**Your instructions**.
Every line of the listing should be retyped exactly, but none of the pictures should be.

------

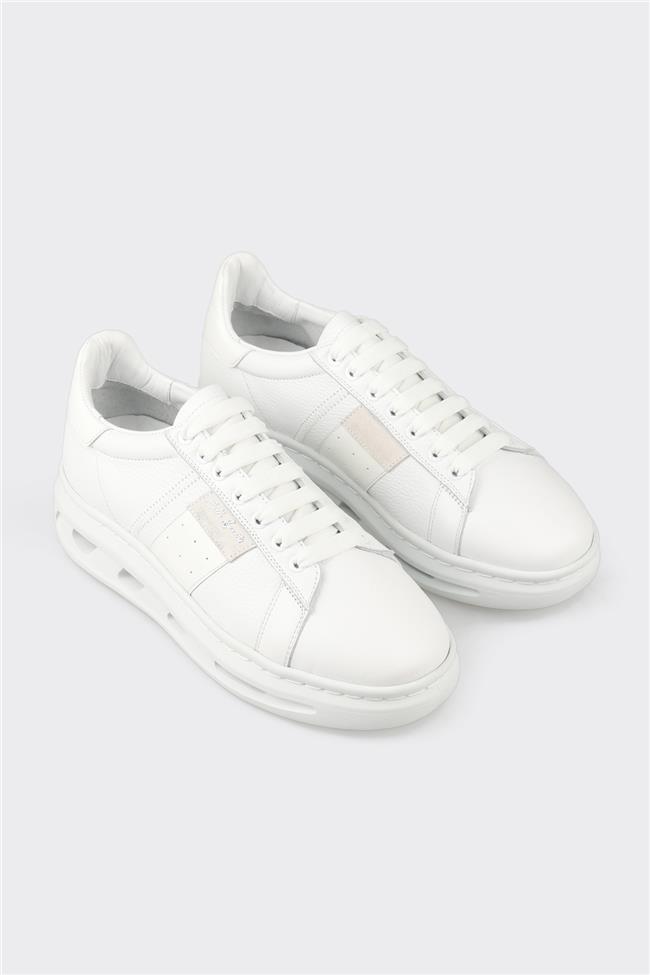 Beyaz Deri Erkek Spor Ayakkabı
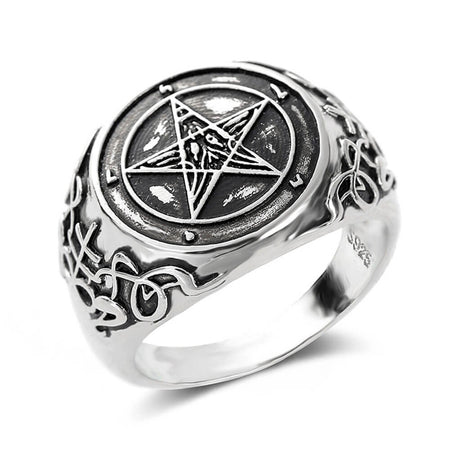bague chevaliere homme pentacle pentagramme
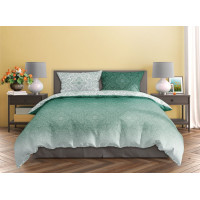 Saténové povlečení MILAGRO VERDE Ombre orient - bílé/zelené - 160x200 cm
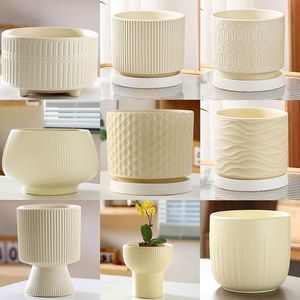 <span class=keywords><strong>Maceta</strong></span> <span class=keywords><strong>de</strong></span> Cerámica <span class=keywords><strong>de</strong></span> Lujo Simple al por Mayor con Bandeja para Phalaenopsis, Resistente a la Corrosión, para Uso en Escritorio/Suelo, Tamaño Pequeño - Product Image 2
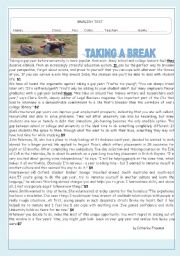 English Worksheet: TEST: TAKING A BREAK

------

**Problem solution**.
 Beyaz Deri Erkek Spor Ayakkabı
bague chevaliere homme pentacle pentagramme
 Saténové povlečení MILAGRO VERDE Ombre orient - bílé/zelené - 160x200 cm
 <span class=keywords><strong>Maceta</strong></span> <span class=keywords><strong>de</strong></span> Cerámica <span class=keywords><strong>de</strong></span> Lujo Simple al por Mayor con Bandeja para Phalaenopsis, Resistente a la Corrosión, para Uso en Escritorio/Suelo, Tamaño Pequeño - Product Image 2
 English Worksheet: TEST: TAKING A BREAK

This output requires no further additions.